From the fact that he became celebrated at about the same time as Mesmer, many have regarded them as rivals, and declared that the prestige of both is to be traced to the same source. According to this point of view, Cagliostro, being more encyclopedic than Mesmer, though less scientific in manipulating the agent common to both, had in some way generalized magnetism, so to speak. His cures, however, were far more astonishing than Mesmer’s, for they were performed without passes or the use of magnets and magnetic wands. Neither did he heal merely by touching, like Gassner, nor by prayers, exorcisms, and the religious machinery by which faith is made active; though very probably the greater part of his success was due, like Mrs. Eddy’s, to the confident tone in which he assured his patients of the certainty of their recovery.

Cagliostro’s contemporaries, on the other hand, to whom the mechanism of Christian Science and the attributes of hypnotism—since so well tested by Dr. Charcot—were unknown, sought a material explanation of his cures in the quack medicines he concocted. The old popular belief in medicinal stones and magical herbs was still prevalent.
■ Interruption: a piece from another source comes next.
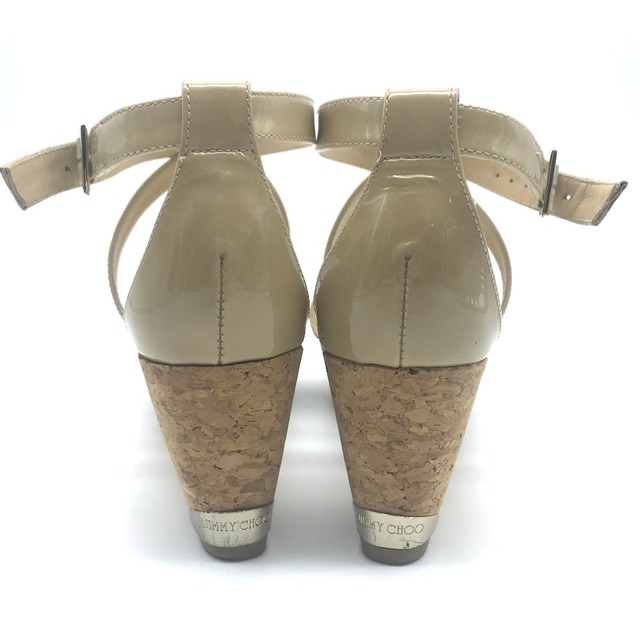 JIMMY CHOO - ジミーチュウ JIMMY CHOO PORTIA 70 コルク JIMMY CHOO - ジミーチュウ JIMMY CHOO PORTIA 70 コルク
One writer of the period pretended to know that Cagliostro’s “Elixir Vitæ” was composed of “magical herbs and gold in solution.” Another declared it to be the same as the elixir of Arnauld de Villeneuve, a famous alchemist of the Middle Ages, whose prescription consisted of “a mixture of pearls, sapphires, hyacinths, emeralds, rubies, topazes and diamonds, to which was added the scraping of the bones of a stag’s heart.”

Equally fantastic were the properties attributed to these panaceas by those who owed their restoration to health to Cagliostro. The following story, repeated everywhere—and believed, too, by many—gave the notoriety of a popular modern advertisement to the “Wine of Egypt.”

A great lady, who was also, unfortunately for her, an old one, and was unable to resign herself to the fact, was reported to have consulted Cagliostro, who gave her a vial of the precious liquid with the strictest injunction to take two drops when the moon entered its last quarter. Whilst waiting for this period to arrive the lady who desired to be rejuvenated shut up the vial in her wardrobe, and the better to insure its preservation informed her maid that it was a remedy for the colic. Fatal precaution! By some mischance on the following night, the maid was seized with the very malady of which her mistress had spoken. Remembering the remedy so fortuitously at hand she got up, opened the wardrobe, and emptied the vial at a draught.

The next morning she went as usual to wait on her mistress, who looked at her in surprise and asked her what she wanted. Thinking the old lady had had a stroke in the night, she said—

“Ah, madame, don’t you know me? I am your maid.”